Dead Dreams
Dead bodies, another dream of them, no rhyme or reason just the odd angular bends and that all too peaceful, coroner placed smile. My days were happiness and sunshine but the night brought a completely different set of emotions; chills and shivers, cold sweats and silent screams. These dreams were the worst, like an ominous warning that one must interpret before time was up. I could deal with the gory ones, at least then it was obvious what happened, but all this death without a feasible explanation was true atrociousness. I think it is the same way in real life, oh the sad silly irony, perhaps I should say in real death. When someone dies and there is an acceptable everyday cause, it is okay, sad but okay. When death is thrust upon us blindly, without any precursor or justification, it grants death its power and fear.
I poured my cup of coffee and jotted the flickering memories of the dream into my journal. There was not much to record, all those flaccid bodies floating about everywhere. Instead, I reiterated the emotions that had accompanied it; confusion, panic, an unexplainable sense of being lost. The dream journal was my psychiatrist’s idea, I never came to her about real life problems, it was the dreams that sent me for help. It is amazing the power our own minds have over us. They manufacture our dreams and do such a powerfully realistic job that even though we cannot remember the dream, the feelings that accompanied it are carried with us for hours and sometimes days later.
I had carried the dreams with me as a burden from as early as I could remember. So many nights I spent outside my parent’s bedroom door, not wanting to disturb them but not wanting to be alone.
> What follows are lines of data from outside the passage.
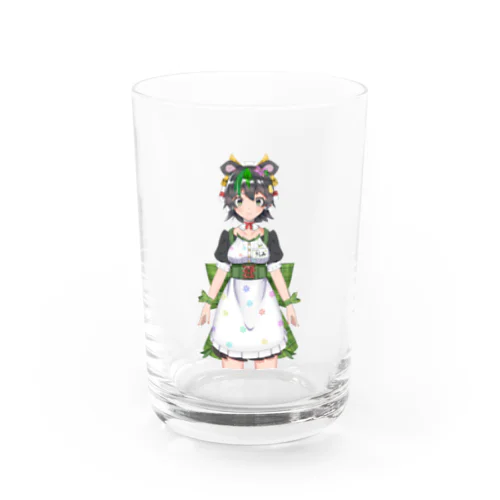 黒沢うしみグラス Water Glass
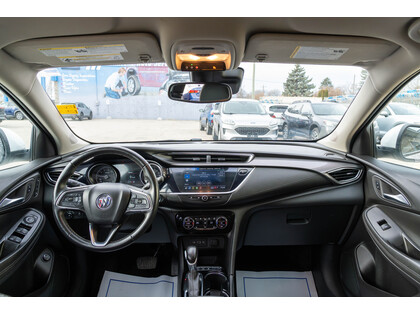 used 2023 Buick Encore GX car, priced at $28,998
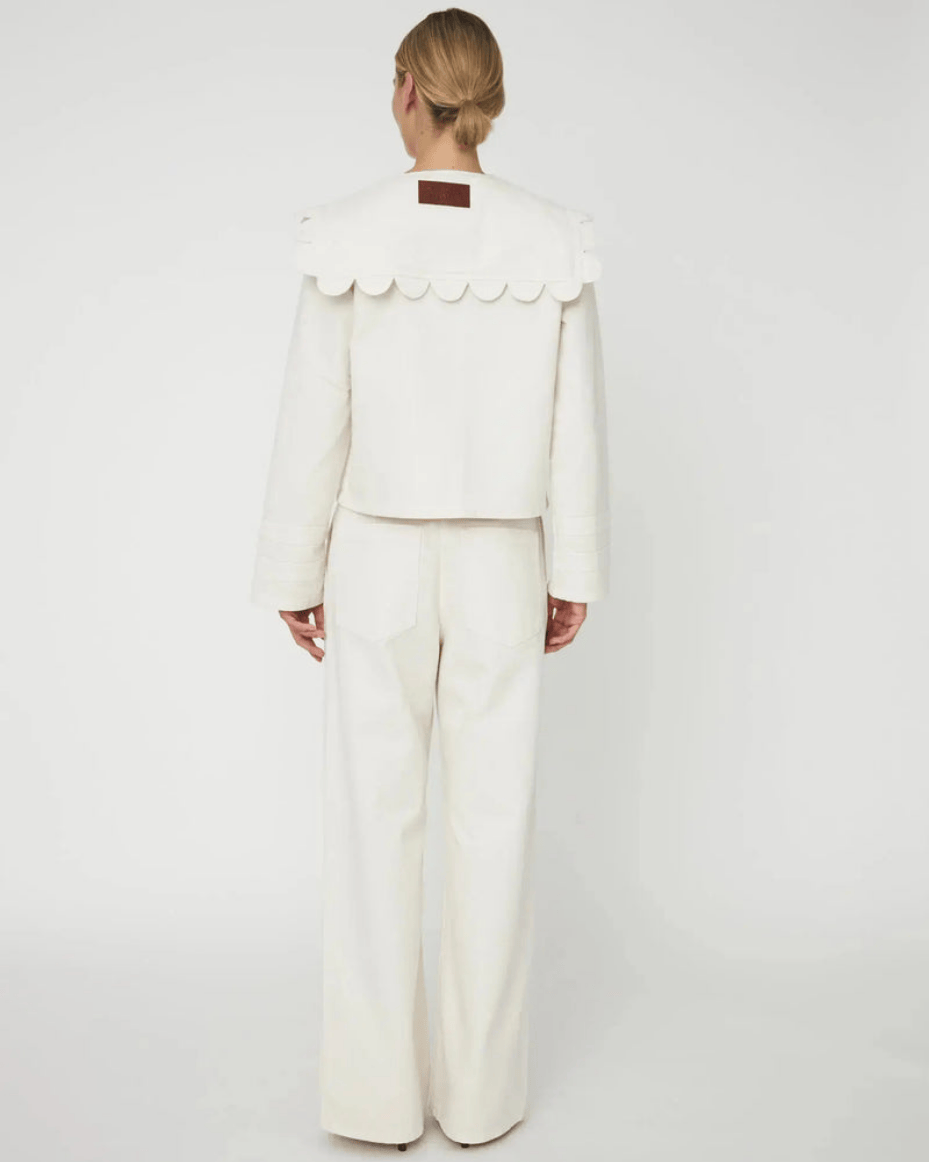 Stella Nova - Sailors Pants - STELLA NOVA - Luxe Leopard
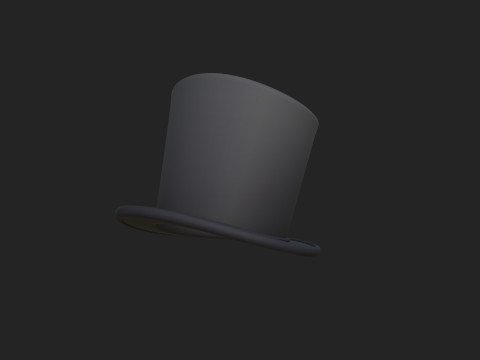 Hat972 Modèle 3D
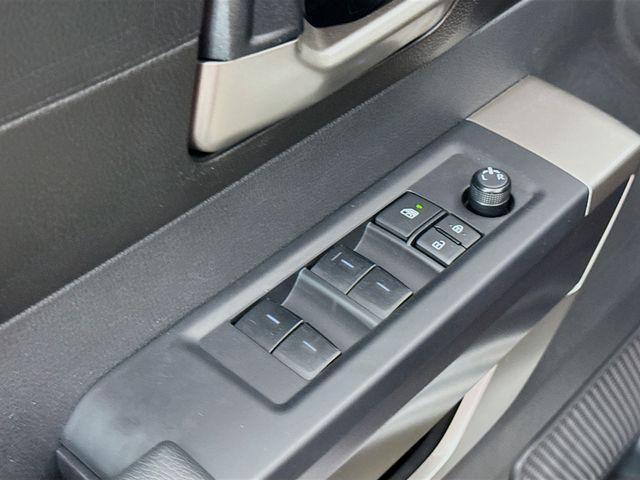 Photo of 2025 Celestial Silver Metallic Toyota Tundra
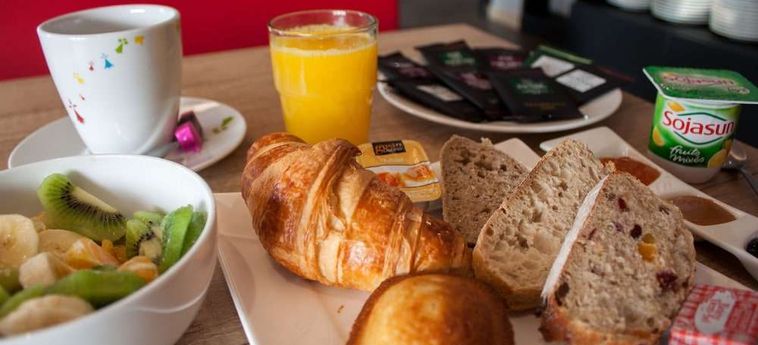 Brit Hotel Le Kerodet Quimper: Foto 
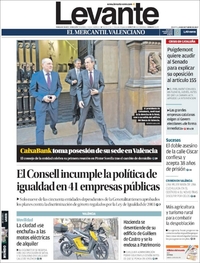 Levante - 24-10-2017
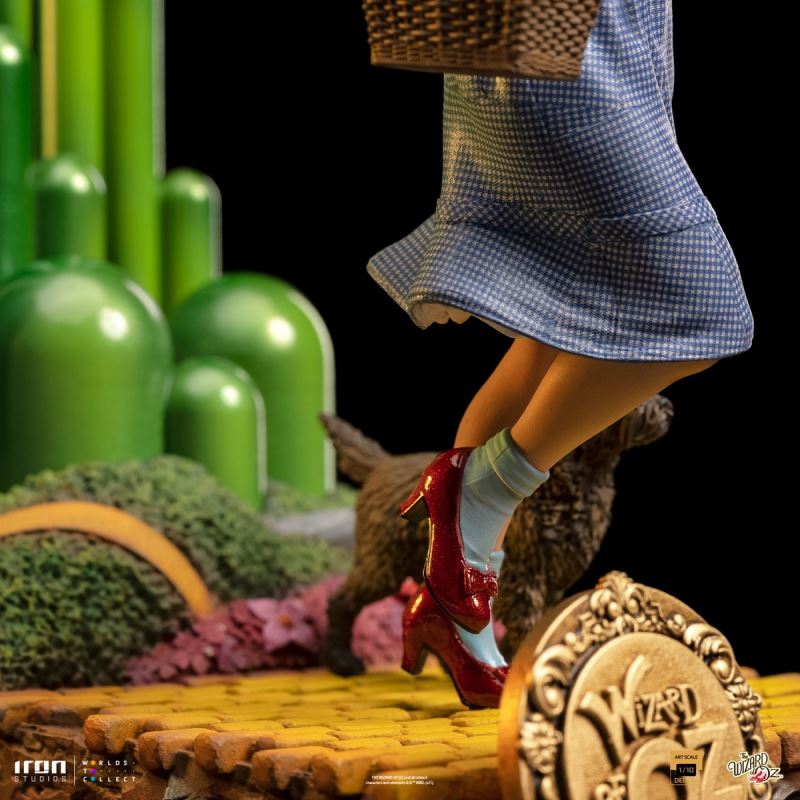 Dorothy - The Wizard of Oz - Art Scale 1/10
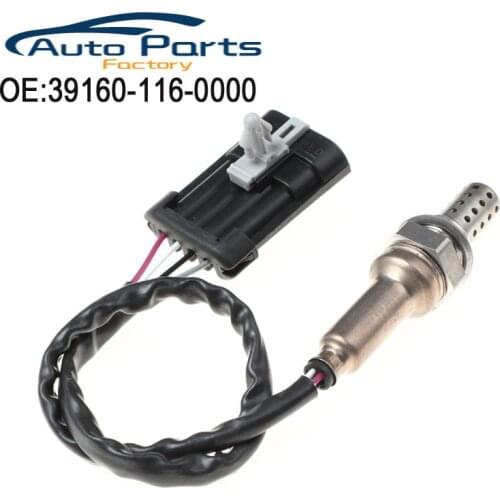 New Oxygen Sensor For EFI,UTV,1000,800,700,500,400,HiSUN,MASSIMO,Bennche,MSU,HS,YS 39160-116-0000 391601160000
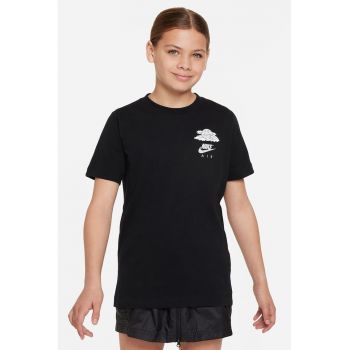 Tricou de bumbac cu imprimeu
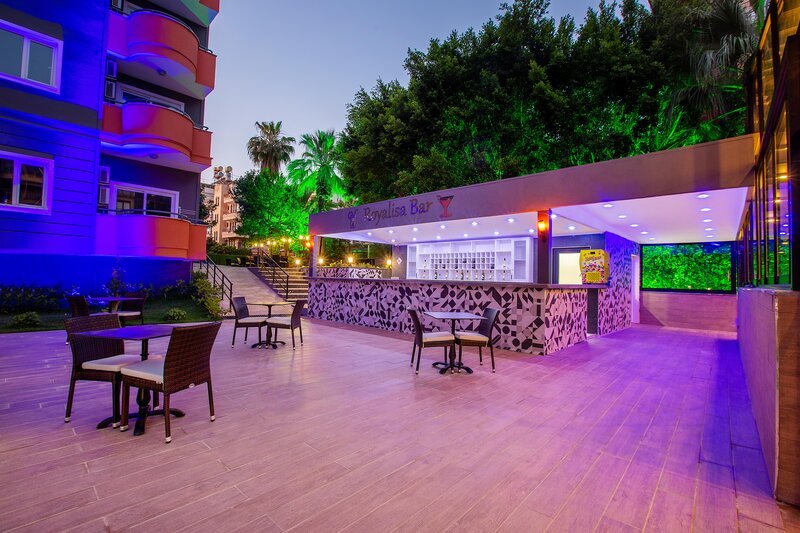 Grand Alisa Hotel 13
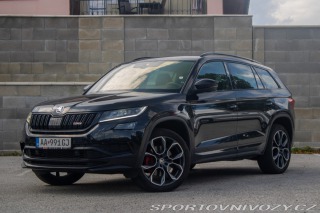Škoda Kodiaq RS 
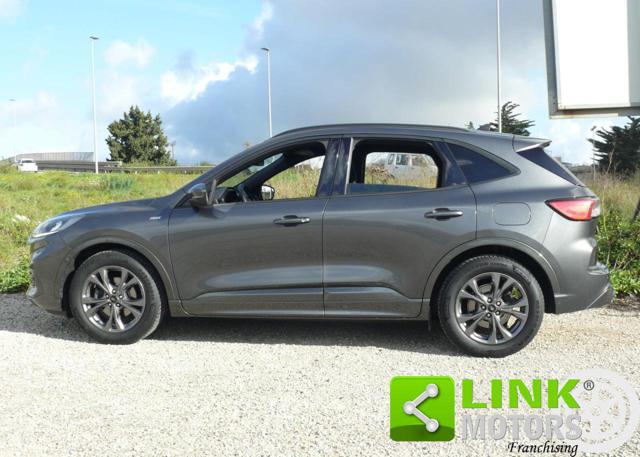 FORD Kuga usata, con Cerchi in lega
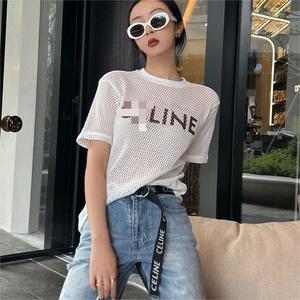 Camiseta de fútbol unisex de malla transpirable de fútbol americano con sublimación de diseño personalizado para mujer - Product Image 3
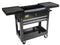 Omega Pro Heavy Duty Tool Cart, Black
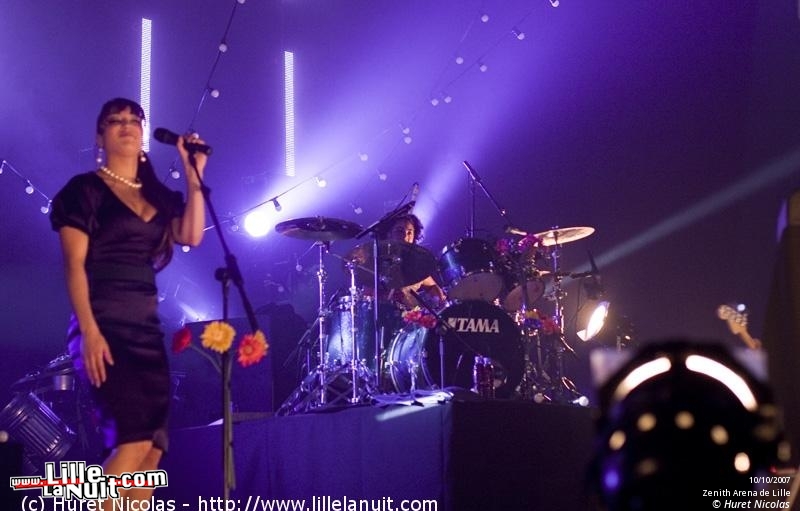 Mika au Zénith en live - photo n°6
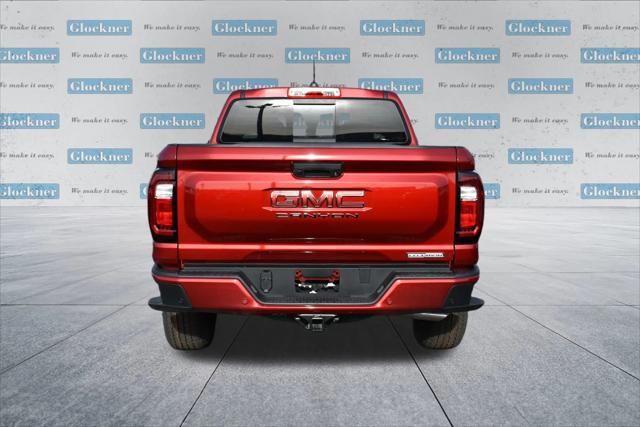 2026 GMC Canyon Elevation, 4WD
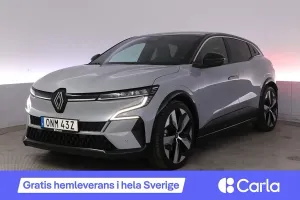 Renault Megane E-Tech 2023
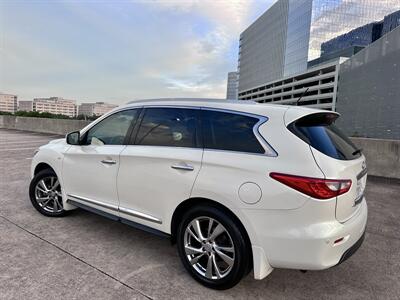 2015 INFINITI QX60   - Photo 6 - Austin, TX 78752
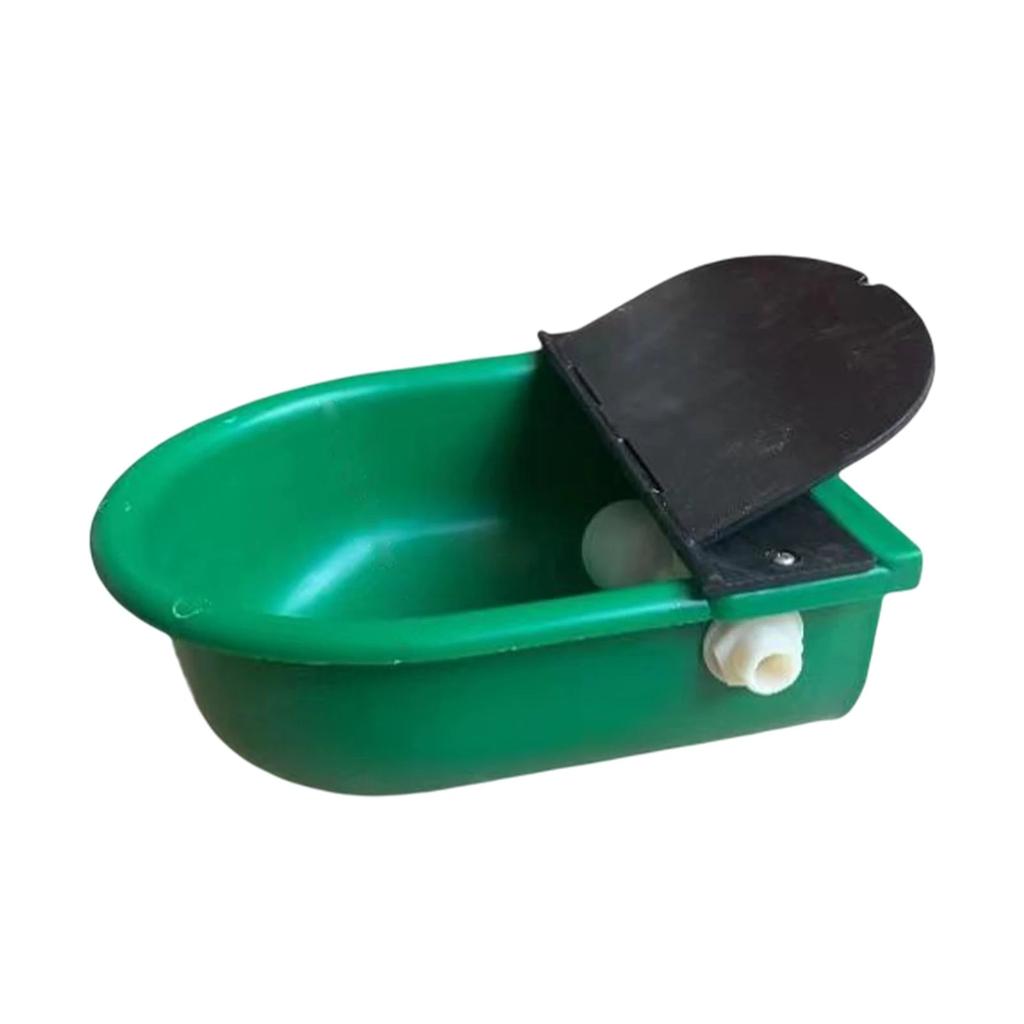 Automatic Water Bowl for Cattle, Sheep & Goats by HitMyNeed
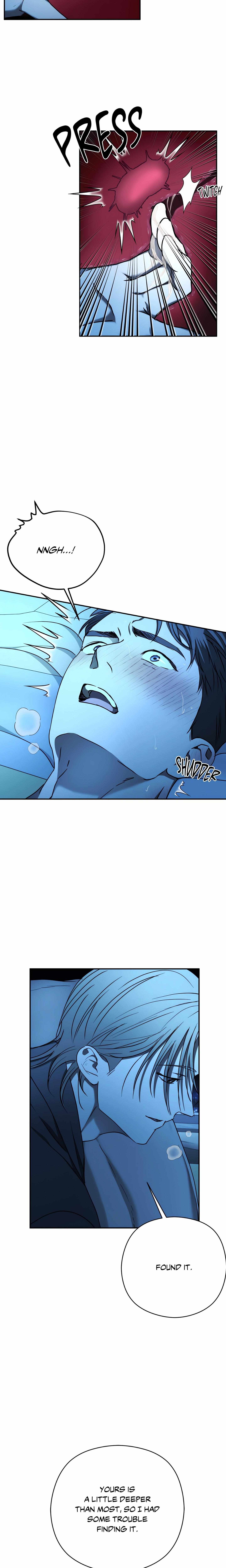 Read Viper chapter 2.1 image 15 on Lezhin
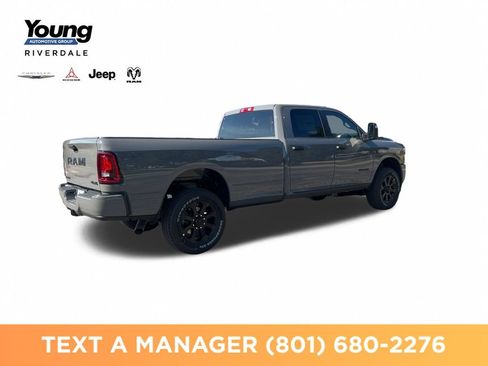 New 2026 RAM 3500 Big Horn AWD/4WD image 5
Tonight there were no parents on the other side of the door, tonight I would have to face the night alone, and tonight I would cower and result to insomnia, fighting until my body sent me back to my minds control. Though it left its mark on me, insomnia had become my friend, sheltering and protecting me as best it could. The dead dreams were my relentless, all powerful, undefeatable enemy. I could try as I might to prolong their onset but in the end, just like the grim reaper; they would have their way with me and overcome my body.